26 May 2011

Legal Rights for Nature

Excerpt from Today's Zaman, 22 May 2011

Two small countries of Latin America have been taking Mother Earth, or 'Pachamama', quite seriously so they have passed a series of laws to protect it, and their worries reached some concerned citizens in Turkey where there has been a vigorous debate going on for making a new, citizen-centered constitution.

“We are just starting a campaign calling for an ecological constitution,” said Turkey’s Green Party spokesperson Ümit Şahin, who is among 40 people including politicians, academics, and lawyers involved in the Initiative for an Ecological Constitution (IEC).

“As Turkey has been talking about making a new constitution, which is supposed to value the individual, then we should be talking about an ecological approach to it,” Şahin said, adding that their role models are Bolivia and Ecuador, which understand the value and rights of Mother Earth. The IEC believes in this approach of the Latin American states, he said, because neither the European states nor the United States have been able to fully address the issue even though there are some examples like France, which has a Green Charter, and some states in the US, which have been adopting ecologically sensitive laws.

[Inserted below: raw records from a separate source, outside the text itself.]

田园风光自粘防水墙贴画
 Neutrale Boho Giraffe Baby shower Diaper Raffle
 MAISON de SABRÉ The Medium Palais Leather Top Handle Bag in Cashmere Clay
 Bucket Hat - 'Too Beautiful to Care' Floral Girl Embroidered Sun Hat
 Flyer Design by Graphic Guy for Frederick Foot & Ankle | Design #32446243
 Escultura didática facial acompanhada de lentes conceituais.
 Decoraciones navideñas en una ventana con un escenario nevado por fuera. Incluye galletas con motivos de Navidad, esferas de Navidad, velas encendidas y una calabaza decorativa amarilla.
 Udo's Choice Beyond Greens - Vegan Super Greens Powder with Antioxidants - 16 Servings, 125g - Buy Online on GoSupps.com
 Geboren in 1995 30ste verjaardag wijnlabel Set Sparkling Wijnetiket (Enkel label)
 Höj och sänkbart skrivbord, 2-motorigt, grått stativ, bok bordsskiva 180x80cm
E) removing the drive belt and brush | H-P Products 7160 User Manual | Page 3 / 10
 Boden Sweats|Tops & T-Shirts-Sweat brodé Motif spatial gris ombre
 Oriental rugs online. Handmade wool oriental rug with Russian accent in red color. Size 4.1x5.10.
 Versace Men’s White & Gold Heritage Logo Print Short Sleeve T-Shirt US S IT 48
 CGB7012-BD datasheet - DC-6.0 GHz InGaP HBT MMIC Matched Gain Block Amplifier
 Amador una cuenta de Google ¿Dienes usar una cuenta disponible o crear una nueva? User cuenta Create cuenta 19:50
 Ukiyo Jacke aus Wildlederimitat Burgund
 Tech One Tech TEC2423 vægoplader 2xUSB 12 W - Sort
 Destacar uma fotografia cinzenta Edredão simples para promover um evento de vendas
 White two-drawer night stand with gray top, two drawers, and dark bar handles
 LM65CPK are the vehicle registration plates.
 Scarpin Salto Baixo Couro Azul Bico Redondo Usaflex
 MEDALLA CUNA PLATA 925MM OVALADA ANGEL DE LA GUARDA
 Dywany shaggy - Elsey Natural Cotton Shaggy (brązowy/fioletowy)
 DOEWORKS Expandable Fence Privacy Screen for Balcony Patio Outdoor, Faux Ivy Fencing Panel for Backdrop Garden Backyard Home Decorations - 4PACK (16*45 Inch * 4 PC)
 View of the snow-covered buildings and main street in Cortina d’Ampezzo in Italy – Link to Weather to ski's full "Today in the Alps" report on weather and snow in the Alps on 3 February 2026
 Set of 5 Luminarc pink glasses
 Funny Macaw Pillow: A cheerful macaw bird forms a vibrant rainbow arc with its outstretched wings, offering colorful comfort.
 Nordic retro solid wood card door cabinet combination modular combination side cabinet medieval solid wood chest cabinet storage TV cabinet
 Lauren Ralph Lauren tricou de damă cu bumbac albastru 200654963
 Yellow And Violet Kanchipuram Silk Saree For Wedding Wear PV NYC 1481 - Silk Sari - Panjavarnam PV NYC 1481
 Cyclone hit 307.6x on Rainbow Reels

He noted that Ecuador’s is the first constitution in the world to recognize legally enforceable Rights of Nature. Although a small country, Ecuador is home to the Galapagos Islands, Andean Mountains and Amazon rainforest as it is a geologically, ecologically and ethnically diverse country. Ecuador took a bold step in 2008 to add Rights for Nature to their new constitution providing a system of environmental protection based on rights. Şahin noted like many countries, Turkish laws treat ecosystems as articles of property that give land owners the right to destroy even fragile ecosystems, but that a lot of governments have started to enact environmental regulations to limit harm to ecosystems and impose fines for damage.

Additionally, a group of countries led by Bolivia have recently brought the issue to the agenda of the UN General Assembly as they ask for a UN treaty that would grant the same rights found in the Universal Declaration of Human Rights to Mother Nature so there will be legal systems to maintain balance between human rights and what they say are the rights of other members of the Earth, such as plants, animals and terrain.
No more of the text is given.